Wohin mit meiner Wut?
Es ist eine völlig normale Reaktion, beim Umgang mit einem Kind auch mal wütend zu werden! Sie müssen sich dafür nicht schämen, denn anderen Eltern geht es genauso. Die Frage ist nur, wie Sie mit Ihrer Wut umgehen.
- Am wenigsten hilfreich ist, die eigenen Aggressionen am Kind auszuleben. Dabei besteht leicht die Gefahr, dass sich das Schreien des Kindes nur verstärkt, da es die angespannte Stimmung spürt und verunsichert wird.

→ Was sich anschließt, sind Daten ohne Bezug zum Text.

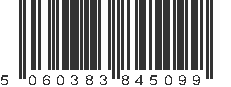 EAN 5060383845099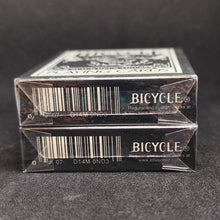 Load image into Gallery viewer, Bicycle UV500 Black Tiger Playing Cards Set
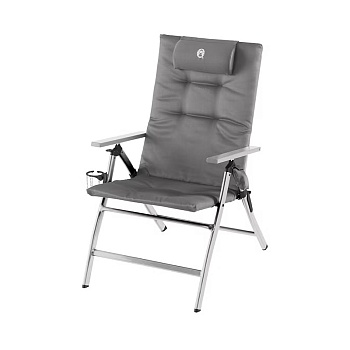Кресло складное Coleman Furn 5-Position Padded Aluminum Chair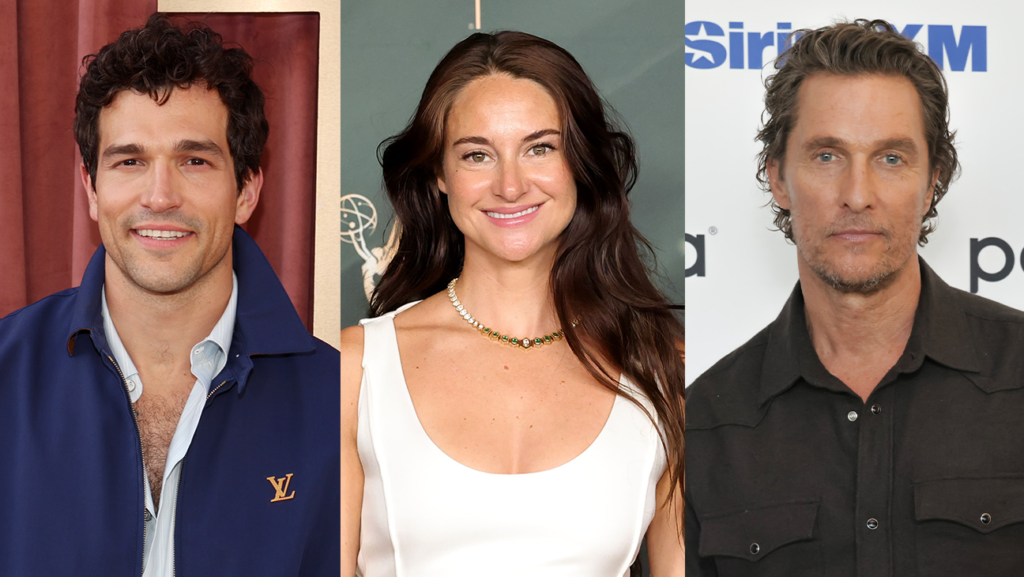 Paul Anthony Kelly, Shailene Woodley to Present at 2026 Emmys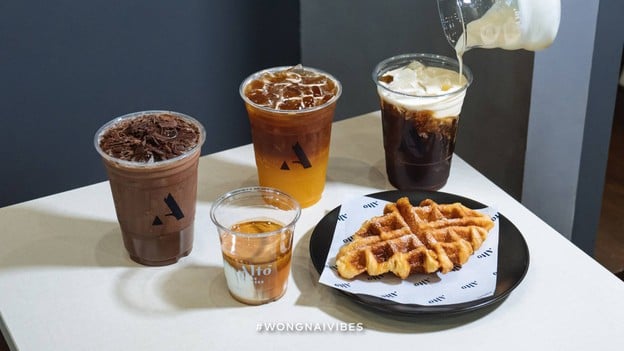 ALTO COFFEE Mega Bangna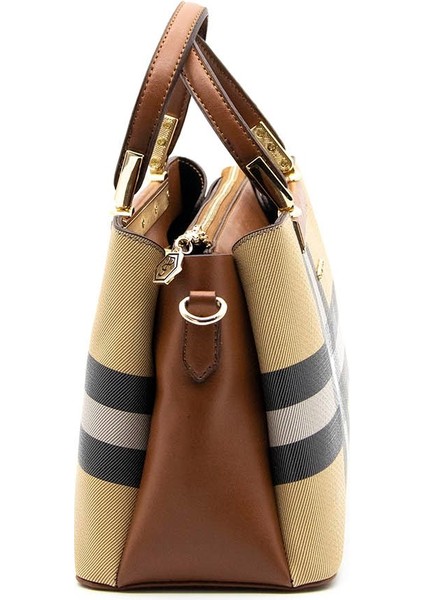 Bej - Taba SP913 Kadın El Çantası indirimleri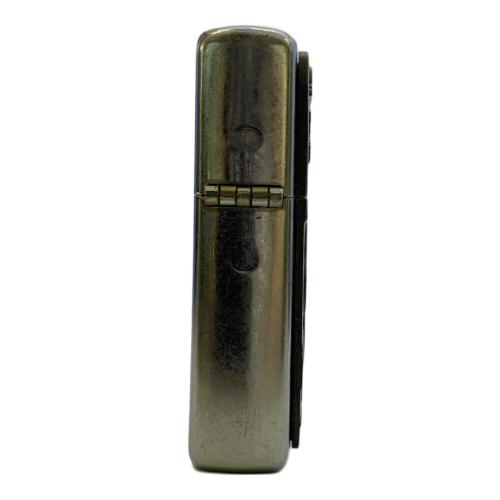 ZIPPO (ジッポ) オイルライター 2004年製 snap-on レーシング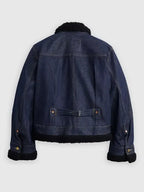 Levi’s X Sacai Sherpa Jacket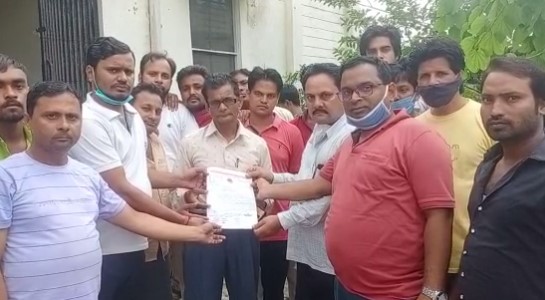 पीलीभीत :कलीनगर व्यापारियों ने कहा: तीन दिन में नहीं सुधरी व्यवस्था तो करेंगे आंदोलन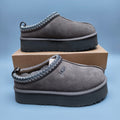 Walnut Brown Ethnic-Inspired Platform Casual Shoes | 2553 / 2130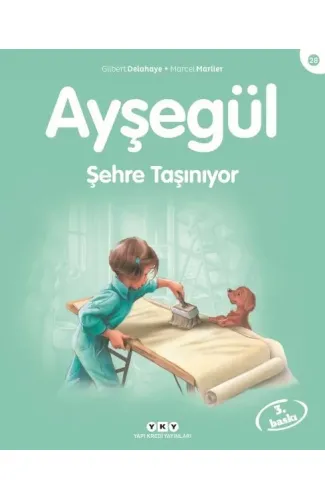 Ayşegül Serisi 28 - Şehre Taşınıyor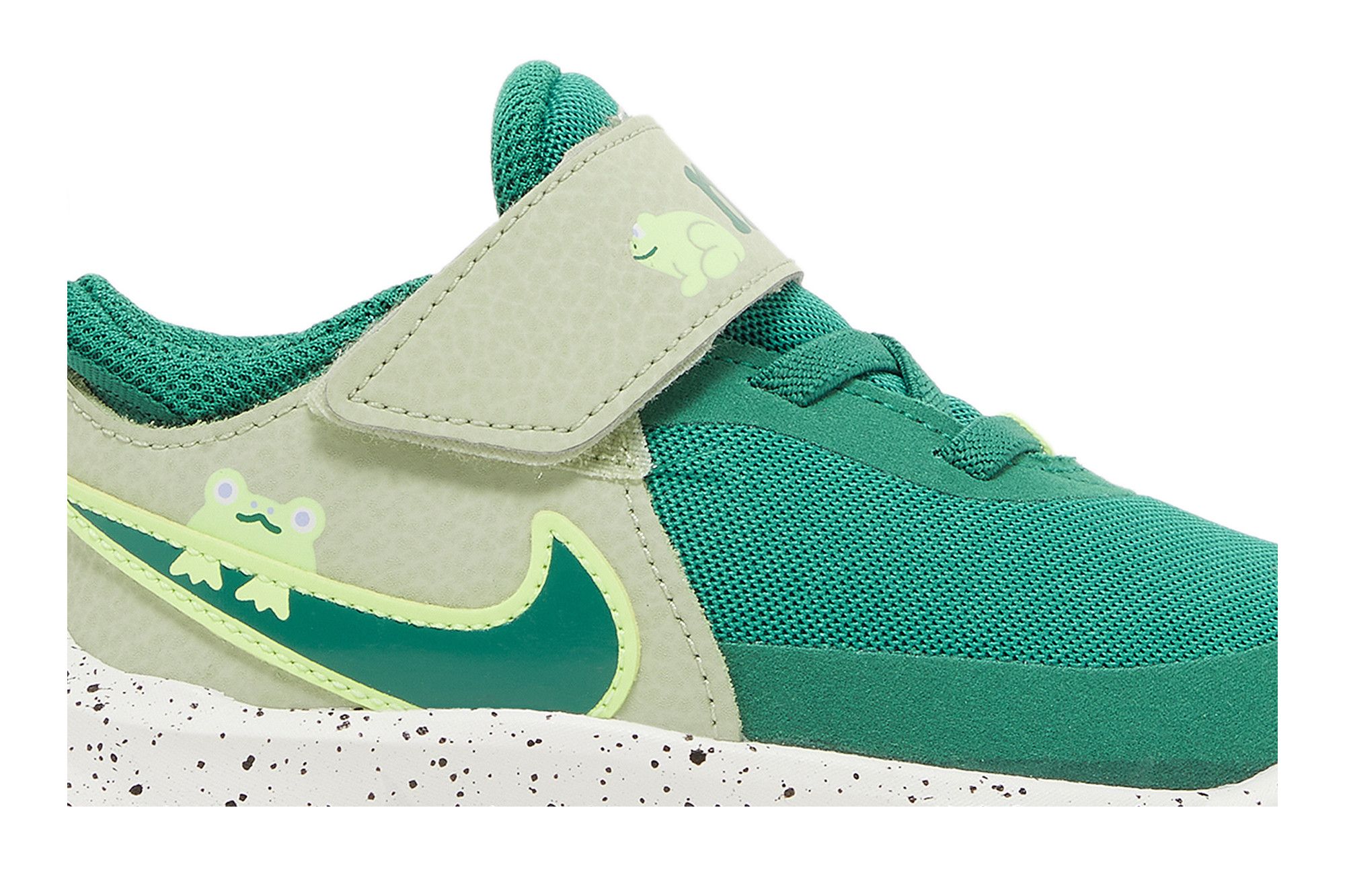 Buy Nike Team Hustle D 10 Lil TD 'Frog' - DQ0665 300 | GOAT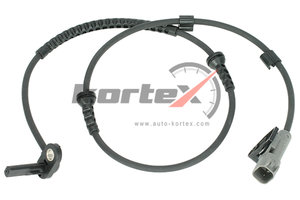 Изображение 1, KER1004 Датчик АБС CHEVROLET Aveo (12-) колеса переднего левого KORTEX
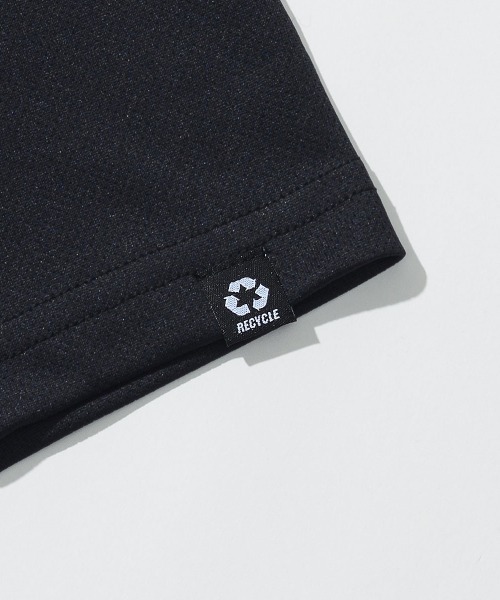 FCMM(エフシーエムエム)の「RECYCLING RECOVERY T-SHIRT/リサイクリングリカバリーTシャツ(Tシャツ/カットソー・メンズ・ホワイト/ブラック・MEDIUM/LARGE)」の9枚目の写真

- Ganz wichtig: Schütteln Sie Ihr Kind nie! Den meisten ist nicht bewusst, wie gefährlich Schütteln für ihr Kind ist. Das Gehirn eines kleinen Kindes – und das gilt nicht nur für Säuglinge, sondern auch noch im Kleinkindalter – ist sehr zart und verletzlich. Die Nackenmuskulatur des kleinen Kindes ist zudem noch schwach und der Kopf macht bei Babys noch einen großen Teil ihres Körpergewichts aus. Da können schon hastige Bewegungen gefährlich sein. Beim Schütteln schlägt der Kopf ungeschützt hin und her. Hierdurch können Blutgefäße und Nervenbahnen im Gehirn reißen und es kann zu bleibenden Schäden kommen. Hierzu gehören beispielsweise schwere bis sehr schwere Entwicklungsstörungen mit Seh-, Hör- oder Sprachstörungen, körperliche und geistige Behinderungen, Verhaltensstörungen und Krampfleiden. Die Verletzungen können so schwerwiegend sein, dass sie sogar zum Tod des Kindes führen können. Weisen Sie auch andere Betreuungspersonen Ihres Kindes auf die Gefährlichkeit des Schüttelns hin!

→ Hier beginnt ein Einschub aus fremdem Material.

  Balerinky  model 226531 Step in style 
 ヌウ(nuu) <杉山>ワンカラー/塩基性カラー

- Besser ist es, die angestaute Wut in eine andere Bahn zu lenken – ehe Sie die Beherrschung verlieren und Ihr Kind anbrüllen oder schütteln. Wenn das Kind sicher untergebracht ist, verlassen Sie doch für kurze Zeit den Raum: Brüllen Sie einen Gegenstand an, schlagen Sie auf einen Ball ein oder stampfen Sie auf den Boden. Auch singen oder laut vor sich hin reden kann helfen, um ruhiger zu werden. Gehen Sie erst dann zu Ihrem Kind zurück.
- Im Umgang mit der eignen Wut kann es deshalb hilfreich sein, mehrmals tief durchzuatmen Vielleicht erinnern Sie sich auch noch an die Entspannungsübungen und Atemtechniken, welche im Geburtsvorbereitungskurs der Hebamme vermittelt wurden.

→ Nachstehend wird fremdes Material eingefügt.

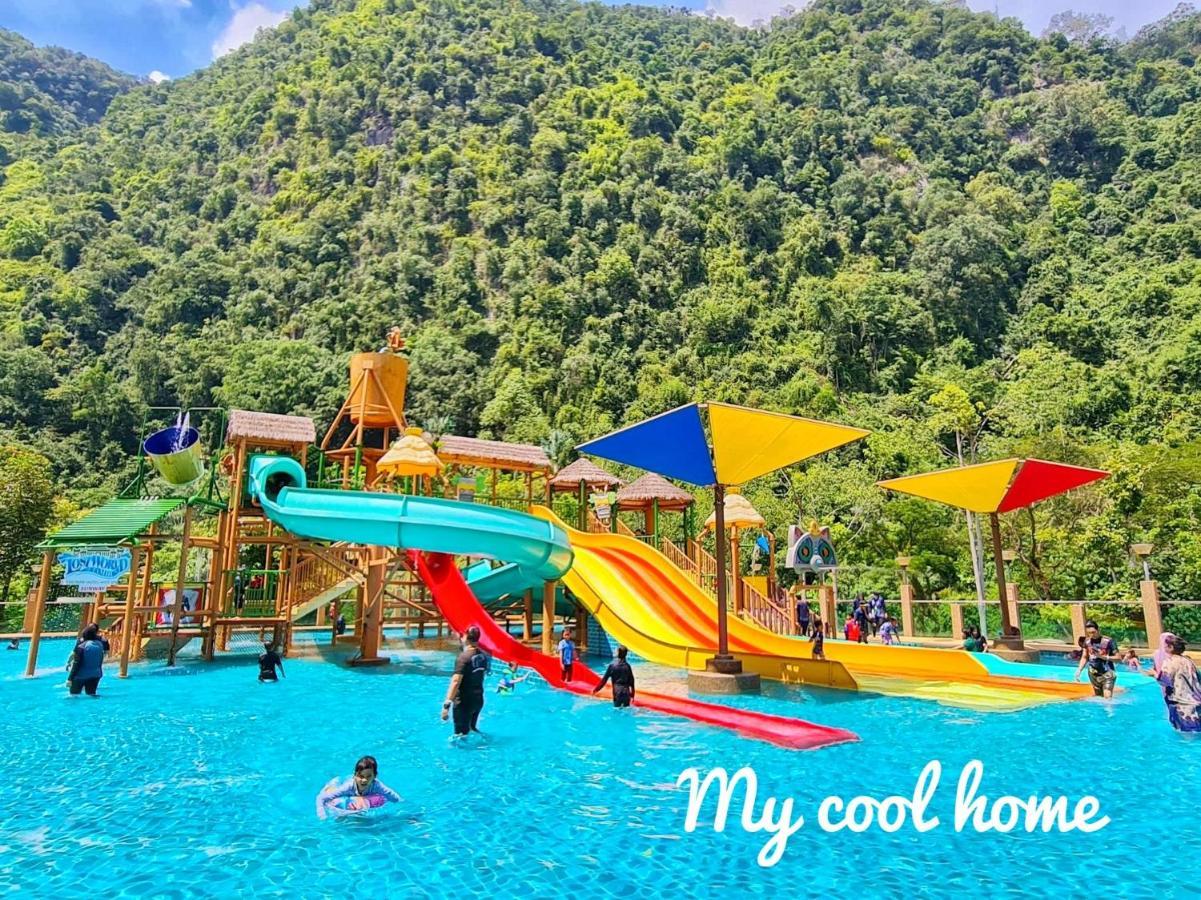 Apartment Sunway Onsen Hotsprings With Theme Park View, Sunway Lost World
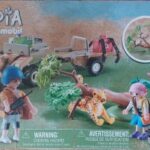 D14586 Playmobil reddingsteam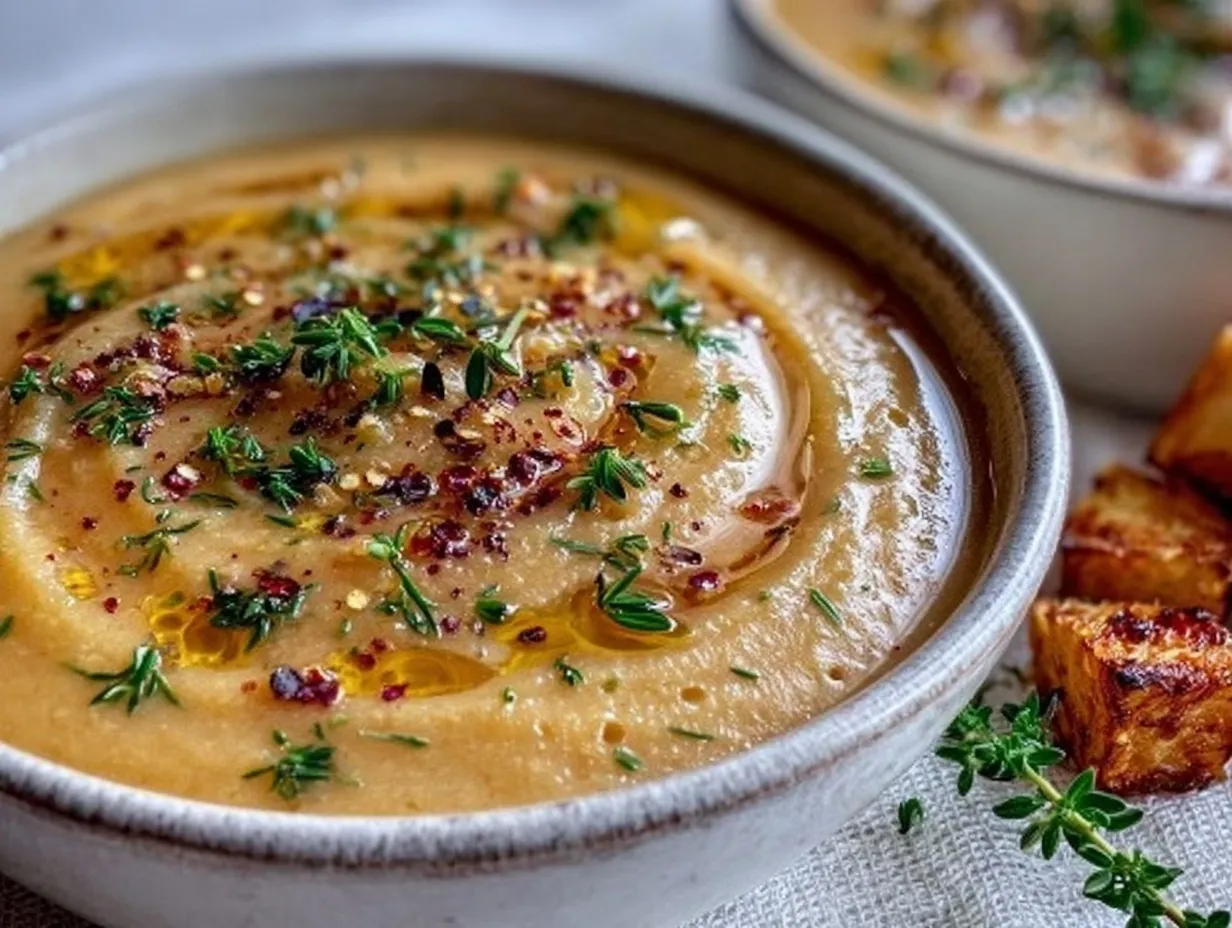 butternut squash ranch dressing preparation steps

- Wenn es die Situation erlaubt, versuchen Sie einen Tapetenwechsel. Machen Sie einen Spaziergang. Sie können sich dabei abreagieren und der kleine Quälgeist kann vielleicht im beruhigend schaukelnden Kinderwagen endlich einschlafen.
- Rufen Sie eine Freundin bzw. einen Freund an, weinen Sie sich aus. Vielleicht kann sie oder er auch vorbeikommen und Ihnen beistehen oder etwas abnehmen.
Was könnte die Situation längerfristig entzerren?
- Setzen Sie sich mit Ihrer Partnerin oder Ihrem Partner zusammen und überlegen Sie gemeinsam, wo der Schuh drückt. Dazu gehört, dass Sie sich gemeinsam Gedanken über Ihre aktuelle (Lebens-)Situation machen. Vielleicht ist es notwendig, dass Sie der Partnerin oder dem Partner verdeutlichen, wo Sie dessen Hilfe benötigen und wie sie oder er Sie entlasten kann. Sprechen Sie aber auch darüber, welche Bedürfnisse beide Seiten haben. Dazu gehören Themen wie Partnerschaft nach der Geburt , Sexualität und Liebe nach der Geburt des Kindes. Dabei drückt sich auch die gegenseitige Wertschätzung aus, und es fällt leichter, gemeinsam am selben Strang zu ziehen.
- Einen anderen Blickwinkel eröffnet sicher auch das Gespräch mit befreundeten Menschen. Oft hilft schon das Erzählen der eigenen Probleme, neue Perspektiven zu sehen. Oft hilft es schon, die Ursache für den eigenen Zorn selber zu erkennen. Ihr Kind ist sicher nicht schuld daran.
- Auch Kontakt zu anderen Eltern kann helfen. Im Gespräch können Sie Erfahrungen austauschen und Frust ablassen.
- Wenn es noch andere Belastungen in Ihrem Leben, zum Beispiel familiäre Probleme, finanzielle Sorgen oder es durch die Vereinbarkeit von Familie und Beruf sehr große berufliche Anforderungen gibt, dann versuchen Sie – so schwierig es auch ist – Ihren Problemen aufrecht ins Auge zu sehen.
- Wenn Ihr Kind sehr viel schreit und Sie sich der Situation kaum noch gewachsen fühlen, wenden Sie sich bitte an Ihren Kinderarzt / Ihre Kinderärztin oder eine Beratungsstelle für Eltern mit Schreibabys.
- Wenn Sie das Gefühl haben, dass Ihnen die ganze Situation daheim über den Kopf wächst, Wut, Hass, Verzweiflung häufig auftreten, dann ist das ein Alarmsignal: Zögern Sie nicht, Hilfe von außen zu holen. Immer wieder erweist sich der Gang zu einer Erziehungsberatungsstelle oder zum Jugendamt als hilfreich.